Anyone reading this column should be familiar with the fight over drug prices. Many of you would argue that drug makers are too easy a target in political debates and the media, getting little credit for developing lifesaving drugs. Others of you believe that prices have gotten out of hand, and that price gouger Martin Shkreli, now a target of federal fraud prosecution, is the tip of the iceberg. Many of you would say yes to both arguments, as well as to the gray area between.

At last week’s J.P. Morgan healthcare investment conference in San Francisco, and the events around it, many of these arguments were on full display. I highlighted on Twitter a panel discussion that included Ron Cohen, CEO of Acorda Therapeutics (NASDAQ: ACOR) and the chair of the Biotechnology Innovation Organization, the industry’s highest-profile trade group. Held at the Biotech Showcase satellite conference, it was billed as “The great pricing debate: Navigating through an industry sea change.”
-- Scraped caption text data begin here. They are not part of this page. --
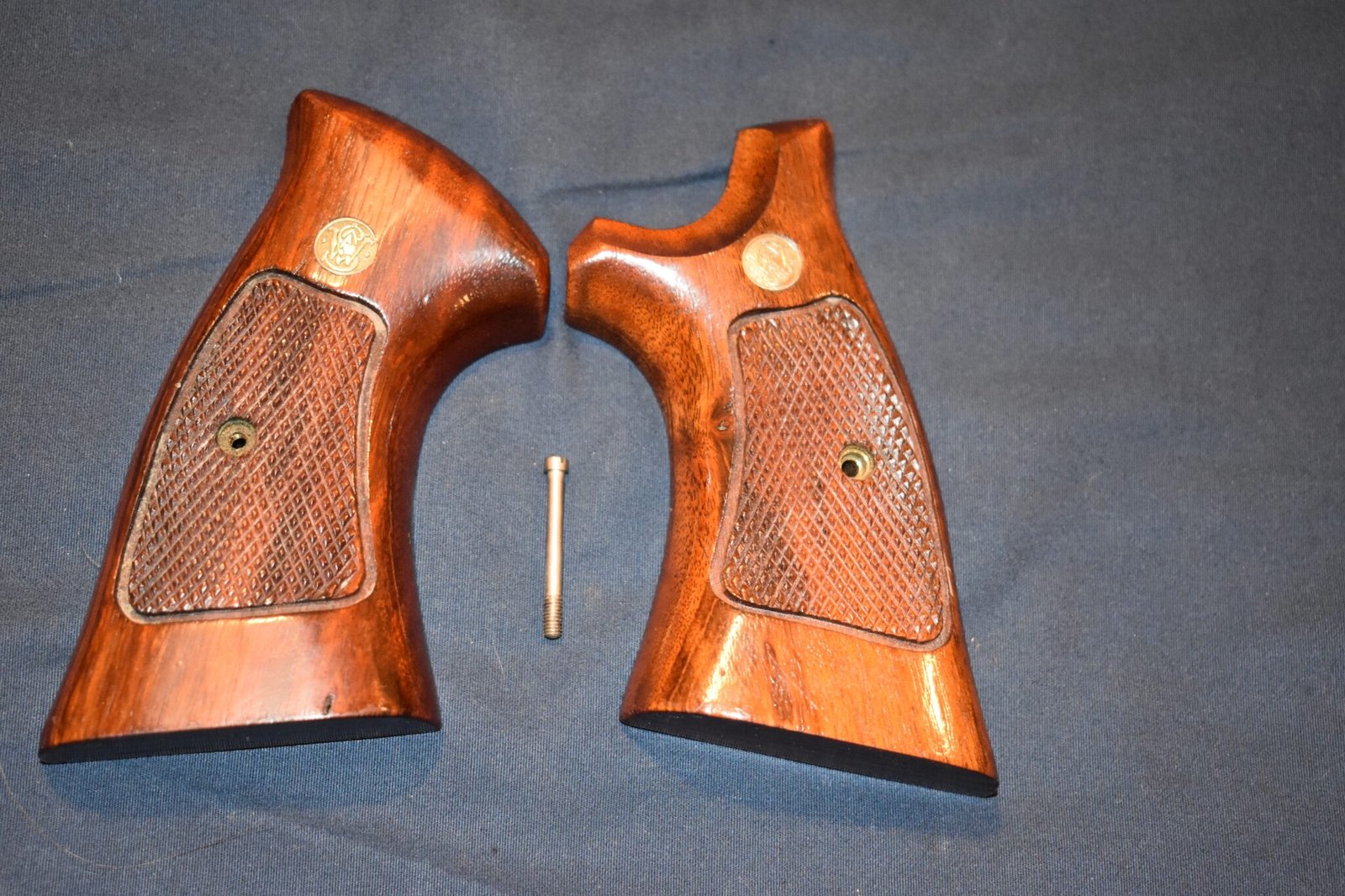 SMITH & WESSON FACTORY N FRAME TARGET GRIPS NT57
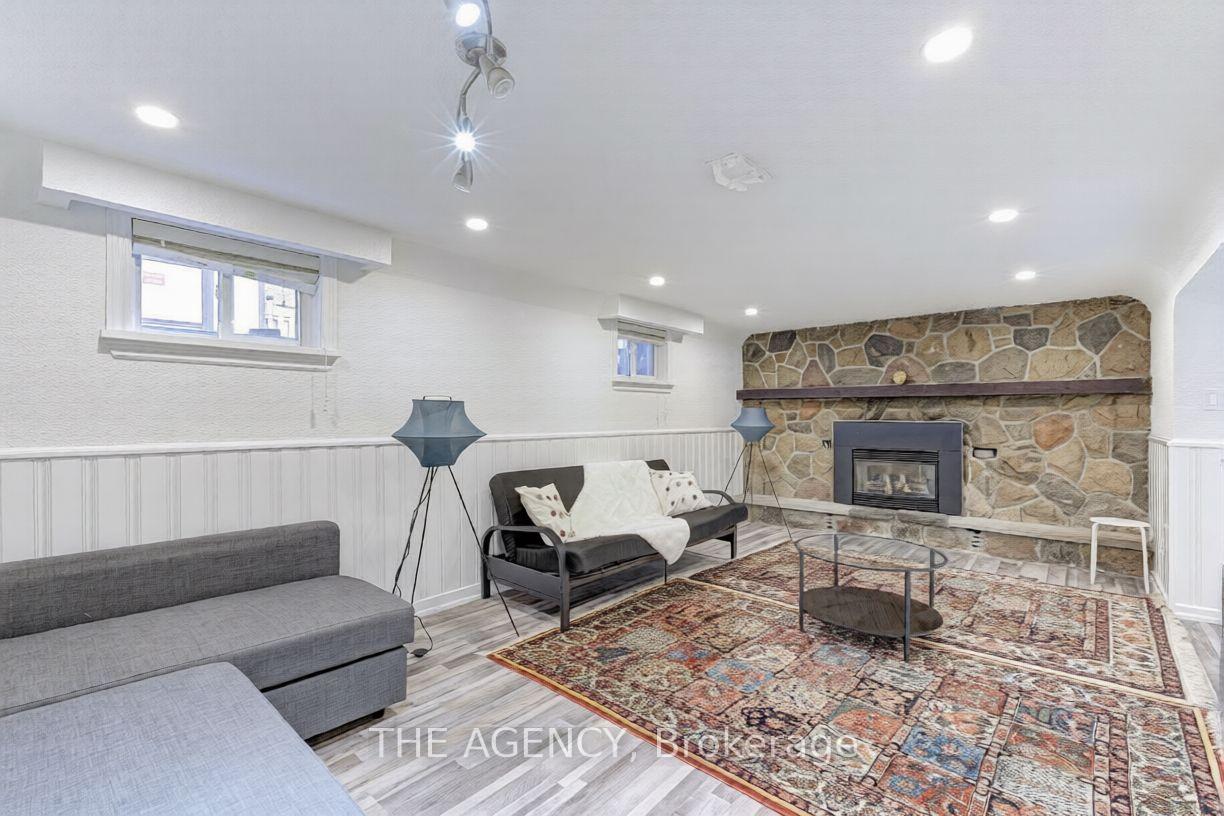 82-harrison-drive-newmarket-ontario-n12813614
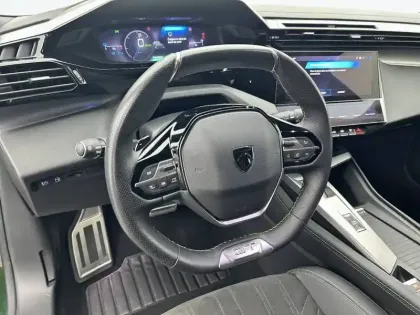 Photo 8 Peugeot 308  PHEV 180 e-EAT8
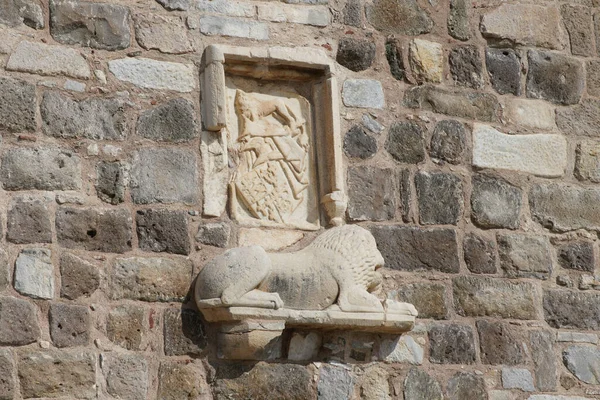 トルコ ムグラ市ボドルム城の騎士シンボル — ストック写真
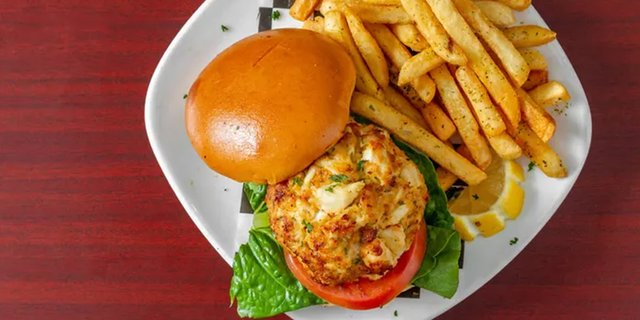 Jumbo Lump Crabcake Sandwich
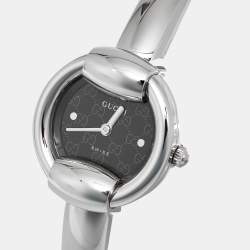 Pre Owned Gucci 1400 Series YA014511 Black Dial Stainless Steel Women's Wristwatch 25 mm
There was little debate. Cohen and the others, fielding provocative questions from a moderator, punched back at a litany of persecutors—the media, the public, insurance companies, the government, and so on—but didn’t dwell much on the drug industry’s own shortcomings. (Cohen also took to Twitter afterwards to take issue with my numerous tweets, and those of other journalists.)

My point last week and now: Yes, drug makers have a hard job. Yes, drug makers attract a lot of criticism, much of it too facile. But it was disingenuous to hold an event like that with barely a nod to the industry’s own foibles.

There’s another piece of the puzzle in the drug-price debate that rarely gets mentioned. For years now, the drug industry has mostly gotten what it wants: favorable laws, millions more customers, and amenable regulation.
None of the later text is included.